After Dr. Volkov left with promises to return within the hour, and Anya kissed us both and slipped out with a knowing smile, I climbed onto the bed and pulled Mila against me. She came willingly, tucking herself into my side with a sigh.
“I had no idea,” she murmured against my chest. “I really didn’t know how you’d feel about it.”
“How do you feel about it?” I asked. “Be honest with me.”
She was quiet for a long moment, and I could practically feel her thinking, analyzing, trying to find the right words.
“Terrified,” she finally admitted. “I never thought about having children. Not really. My life was supposed to be quiet and safe and far away from all this. And now I’m married to you, living in this world, and I’m pregnant with a child who’ll inherit all of this violence and blood and—” Her breath hitched. “I’m so scared, Alexei.”
I tightened my arms around her and pressed a kiss to the top of her head. "I know."
“But I’m also…” She paused. “I’m also happy? Which seems insane, but I am. Because it’s yours. Ours. And despite everything—despite the fear, you know, the danger and how completely unprepared I am for this—I want it.”
Something in my chest cracked open at those words. Want. Such a simple thing, really. But coming from Mila—who’d never asked me for anything, who’d accepted this marriage with quiet dignity and made the best of an impossible situation—it felt like a gift.
“I will protect you,” I promised. “Both of you. Whatever it takes. Moretti, anyone else who threatens what’s mine—they’ll learn what it means to make an enemy of me.”
“I know.” Mila’s hand found mine, our fingers lacing together over her still-flat stomach. “I’ve always known. That’s what scares me most. Not that you won’t protect me, but what you’ll become in the process of protecting me. Well, us now.”
She saw too much—right from the very beginning.

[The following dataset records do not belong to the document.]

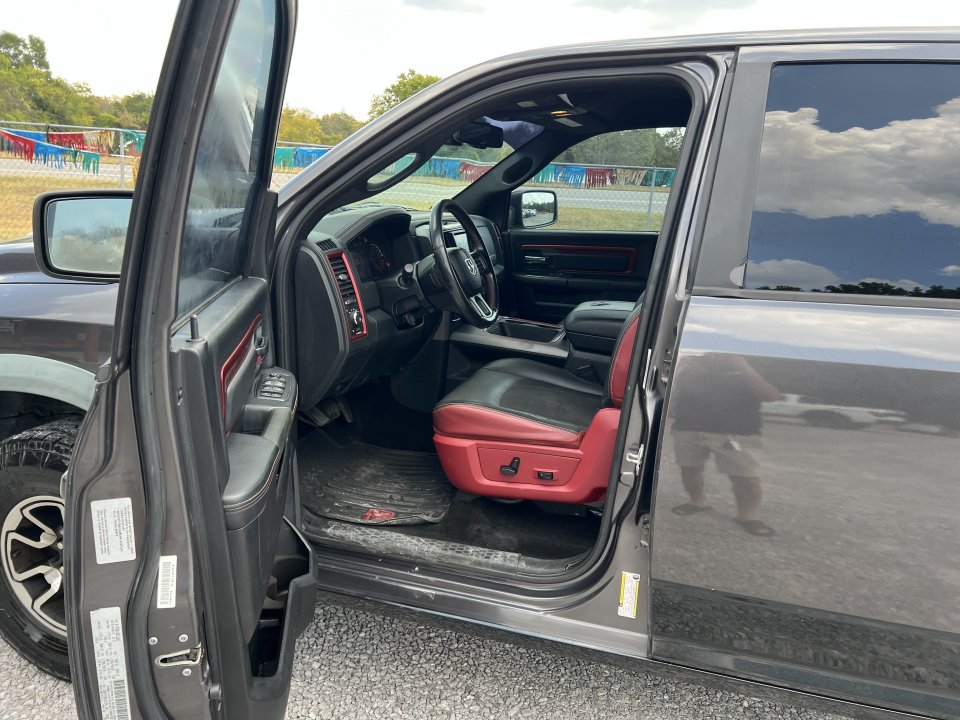 Used 2016 RAM 1500 Rebel w/ Luxury Group AWD/4WD image 9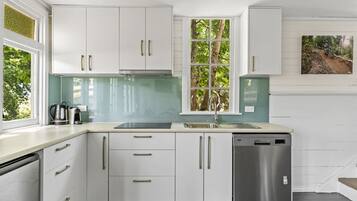 Køleskab, kogeplade, opvaskemaskine, kaffe-/temaskine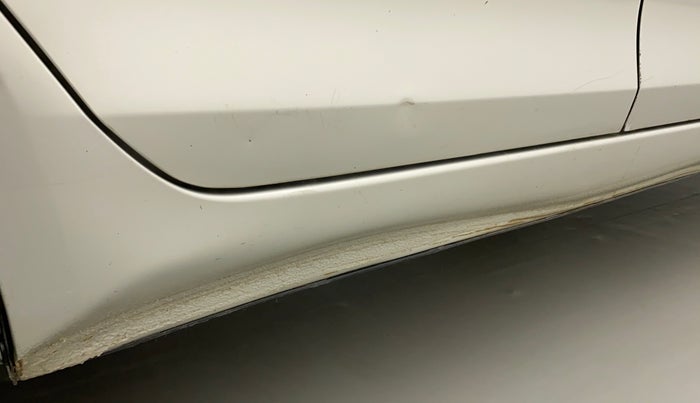 2015 Maruti Swift Dzire VXI, Petrol, Manual, 65,251 km, Right running board - Slightly dented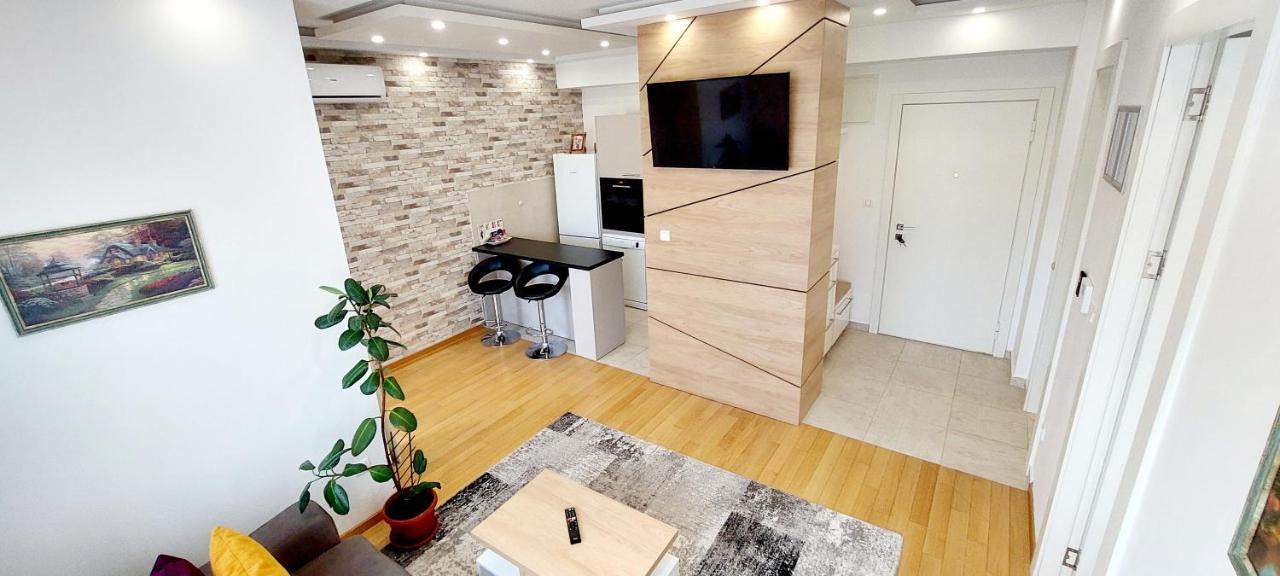 Extra Apartman City Centre Баня-Лука Экстерьер фото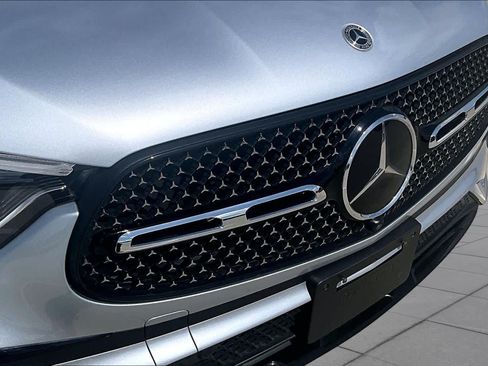 Used 2024 Mercedes-Benz GLC 300 image 27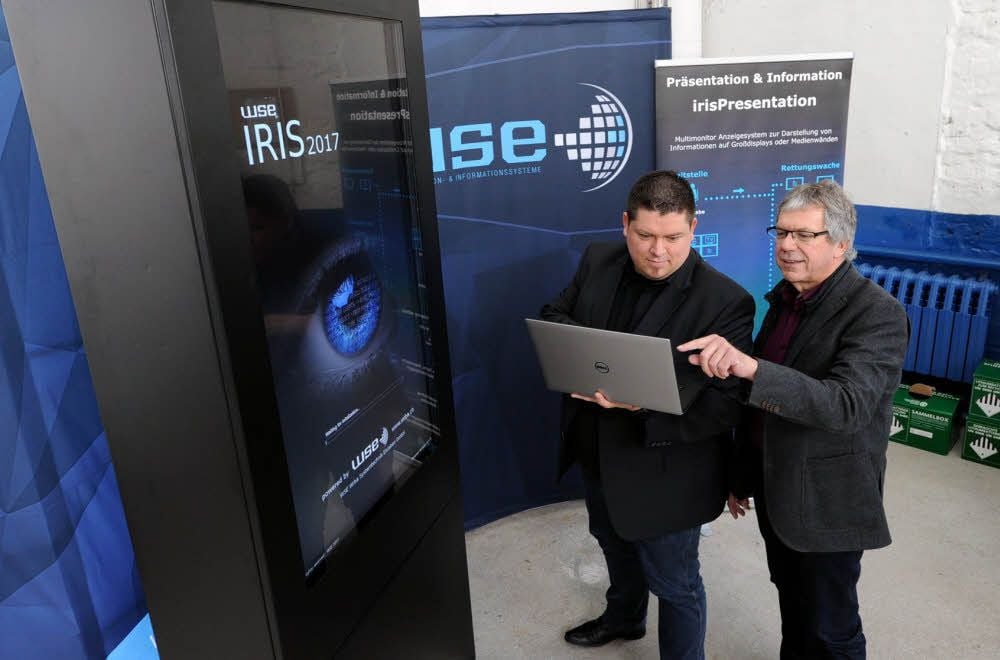 Sebastian und Frank Wrba (von links) haben mit ihrer Firma WSE eine multimediale Litfaß-Säule entwickelt.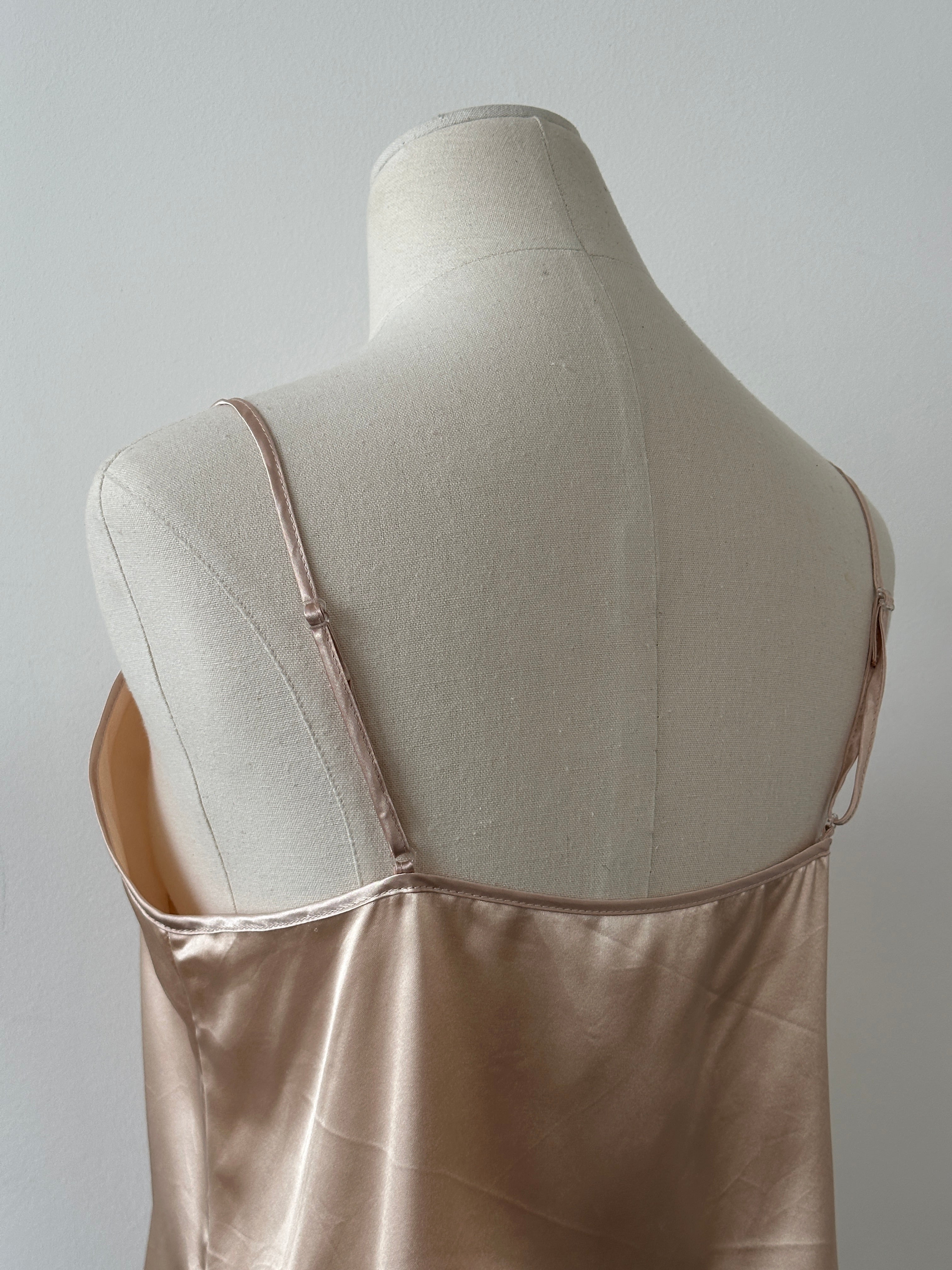 Vintage 2000s Satin V Neck Cami Top - M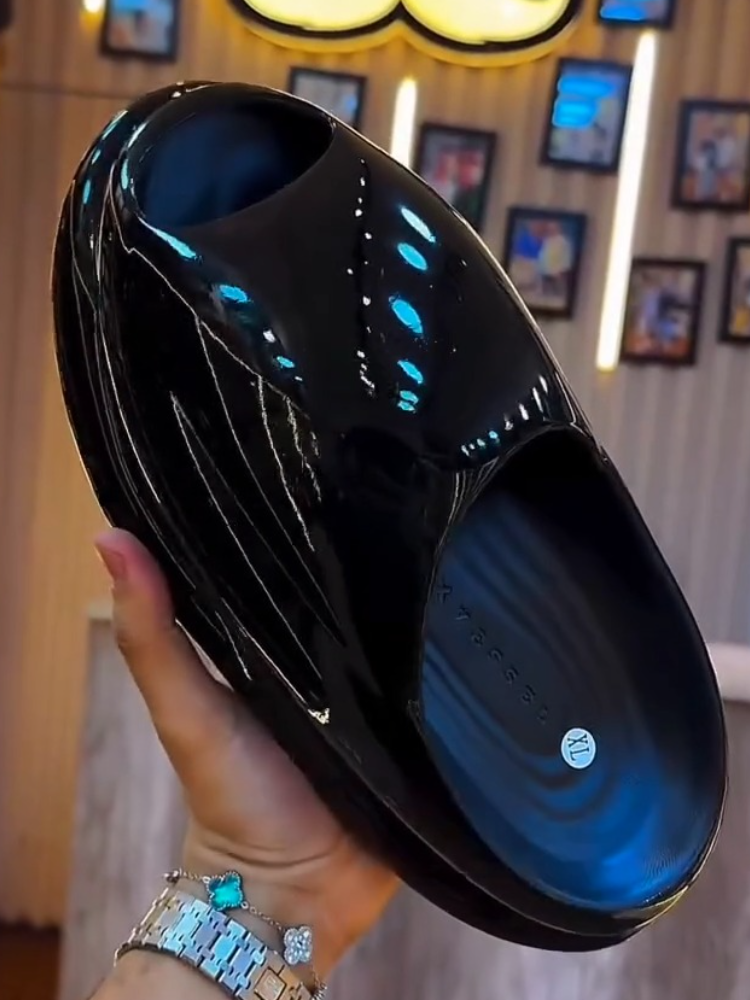Fashion Comfy Shock Absorption Giant Whales Slippers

But instead of running from what she saw, she stayed. She chose this. Chose me.
“I’ll become whatever I need to be,” I told her. “For you. For our child. There are no lines I won’t cross, Mila. You need to understand that.”
“I do.” She tilted her head back to look at me, and her hazel eyes were clear despite the fear. “And I’m choosing to stay anyway.”
Later—after Dr. Volkov returned with equipment and confirmed what we already knew, after the sun had fully risen—I stood at the window of our bedroom and watched Mila sleep.
She was curled on her side, one hand still resting protectively over her stomach, her face peaceful in a way it rarely was when she was awake.
In sleep, she looked impossibly young. Impossibly vulnerable.
My wife. The mother of my child. My everything.
One of my warehouses was gone. The message from Moretti had been received. And somewhere out there, Enzo thought he was winning this war of attrition, thought he could make us weak. He had no idea what he’d just unleashed.